On the surface, when one looks at Jan Carew’s nomadic life over his 90-plus years, he seems to effortlessly glide in and out of diverse societies as he moves around the globe.  Pushed by a wanderlust that even he cannot fully explain, he is buffeted by endless opportune connections.  At various times, we see him living in London or on the Continent, in Ghana, Jamaica, Canada, or the US.  It was no accident that his last collection of stories was called The Guyanese Wanderer.
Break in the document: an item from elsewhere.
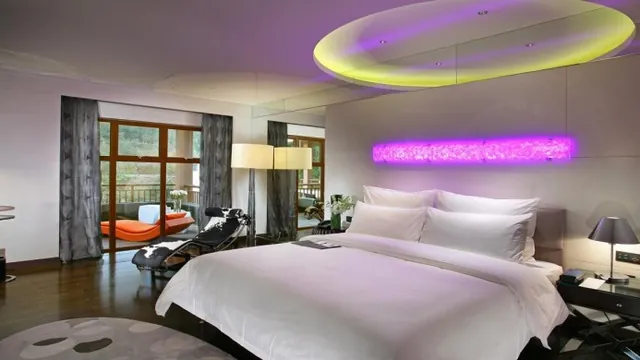 Yilan International Hotel Tianjin photo 2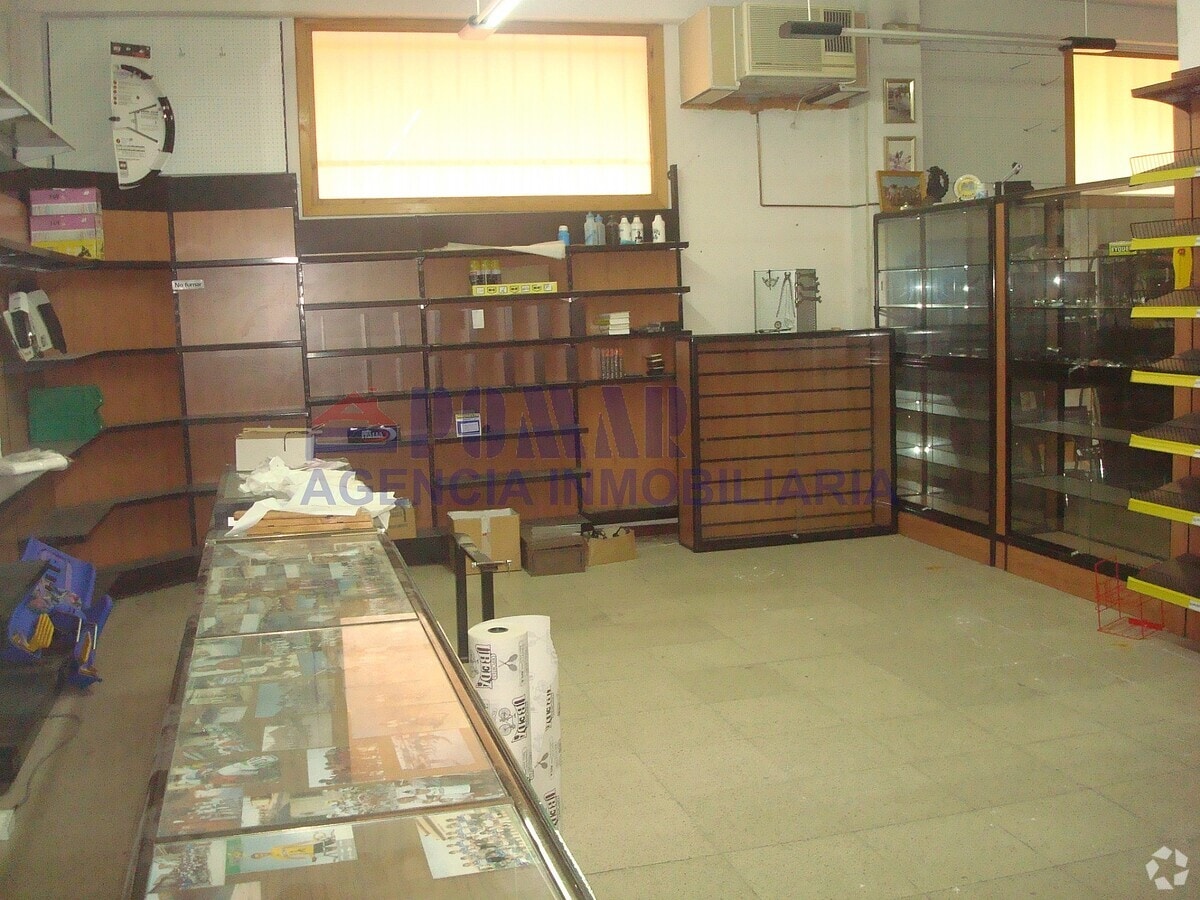 Calle Soria, 18, Ávila, AVI 05003 - Unit Puerta L2, Esc. 1 - - Interior Photo - Image 1 of 7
This facility to adapt is in large part, he contends, because of his  poly-cultural heritage and upbringing.  But also, as he writes in his famous essay, “The Caribbean Writer and Exile,” this global wandering is a product of being a Caribbean writer in countries still struggling with the vestiges of colonialism.   “The Caribbean writer today is balanced between limbo and nothingness, exile abroad and homelessness at home, between the people on the one hand and the creole and colonizer on the other.  Exile can be voluntary or imposed by the stress of circumstances, it can be a punishment or it can be a pleasure. … The colonizing  zeal of the European made the indigenous people exiles in their own countries…. The Caribbean writer, by going abroad, is in fact searching for the end to exile” (“Caribbean Writer”).   This theme can be applied to many others of his generation. Also in London at the time were George Lamming, Andrew Salkey, Sam Selvon and V.S. Naipaul.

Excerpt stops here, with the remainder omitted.